Henri Dutilleux
Sa discrétion et sa modestie dussent-elles en souffrir, Henri Dutilleux est aujourd’hui unanimement reconnu comme l’un des plus grands compositeurs français de son temps, ayant fait fructifier durant le second vingtième siècle l’héritage de Debussy et Ravel. Moins radical et combattant que son cadet Pierre Boulez, le musicien a en effet lui aussi été courtisé par les meilleurs interprètes et les plus grands orchestres, chacune de ses dernières créations faisant l’événement. Il faut dire que l’éternel insatisfait qu’était Dutilleux n’a pas, malgré sa longévité, laissé un corpus numériquement important, remettant sans cesse ses œuvres sur le métier, poussant chaque genre jusqu’à sa limite. Chaque page de Dutilleux est ainsi un trésor, un bijou finement ciselé qui continue à nous accompagner longtemps après sa première écoute.
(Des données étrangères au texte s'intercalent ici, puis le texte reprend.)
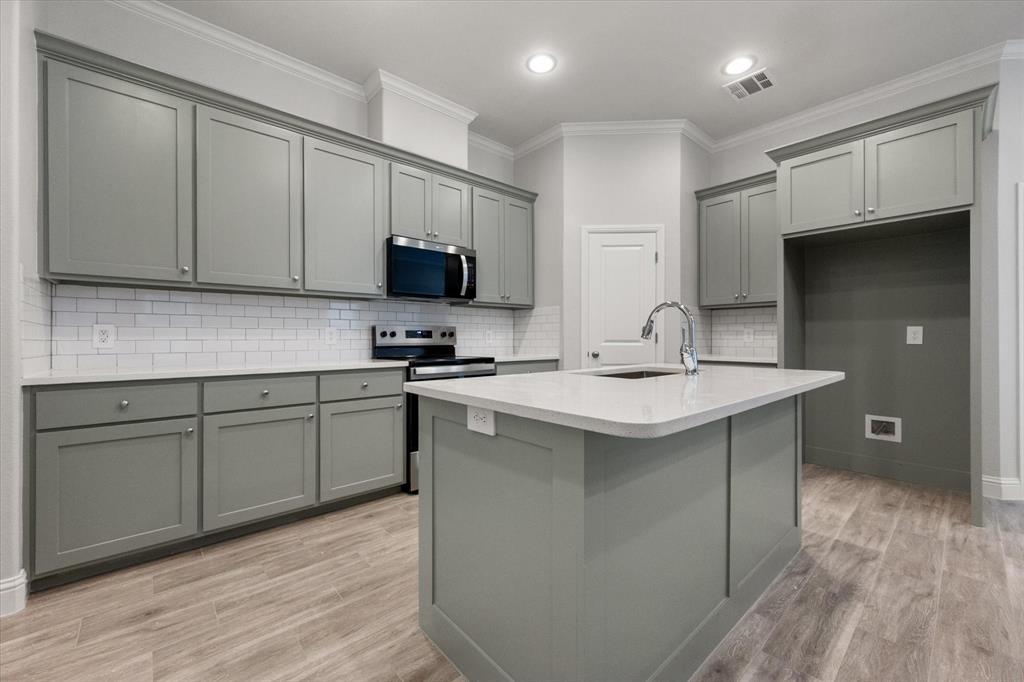 2333 Spring Park Boulevard Property Photo 14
Né à Angers où ses parents s’étaient réfugiés pour fuir les bombardements de la Première Guerre Mondiale, le jeune Dutilleux grandit dans le Nord de la France et prend ses premières leçons de musique au conservatoire de Douai. A seize ans à peine, il rejoint Paris et suit les cours d’Henri Busser, Maurice Emmanuel, Philippe Gaubert, Jean et Noël Gallon au conservatoire. Grand Prix de Rome en 1938 pour sa cantate L’Anneau du Roi, Dutilleux n’a guère le temps de profiter de son séjour Villa Medicis et du soleil italien, obscurci par les chemises noires de Mussolini, et doit rapidement regagner la France. Il est mobilisé comme brancardier, avant de gagner sa vie durant la guerre en donnant des leçons de piano ou en accompagnant des chanteurs. Années sombres certes, mais c’est à cette époque qu’il rencontre sa future femme, la pianiste Geneviève Joy, et qu’il commence à travailler pour Radio France au service des illustrations musicales. Pendant vingt ans, Dutilleux participera ainsi à la création d’émissions d’une nouvelle forme, avec des musiques de scène adaptées à ce média, et où les meilleurs musiciens pouvaient travailler main dans la main avec les meilleurs auteurs.
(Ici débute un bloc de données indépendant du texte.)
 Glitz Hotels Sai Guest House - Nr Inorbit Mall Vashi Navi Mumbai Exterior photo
La décennie qui suit la guerre voit en tout cas naître les premières œuvres marquantes de Dutilleux : la Sonate pour piano (1948), créée et dédiée à Geneviève, la Première Symphonie (1951), Deux Sonnets de Jean Cassou (1955) ou encore Le Loup, ballet écrit pour Roland Petit en 1953 (avant d’être interdite de concert par Dutilleux lui-même !). Dans les années 1960, nouvelle corde à l’arc de Dutilleux, qui accepte d’assurer, à la demande d’Alfred Cortot, les cours de composition de l’Ecole normale de musique. Libéré de ses obligations à Radio France en 1963, Dutilleux trouve en tout cas plus de temps à consacrer à la composition et livre alors les Métaboles à George Szell et son orchestre de Cleveland, et surtout le concerto pour violoncelle Tout un monde lointain…, dont la création en 1970 au festival d’Aix-en-Provence est un tel triomphe que Mstislav Rostropovitch et Serge Baudo à la tête de l’Orchestre de Paris doivent en bisser l’exécution ! A Rostropovitch encore, la création des Trois Strophes sur le nom de Sacher en 1982, une des rares échappées de Dutilleux du côté de la musique de chambre, aux côtés des Citations (1991) et surtout d’Ainsi la Nuit (1977), une merveille de quatuor à cordes qui donne un nouveau souffle au genre.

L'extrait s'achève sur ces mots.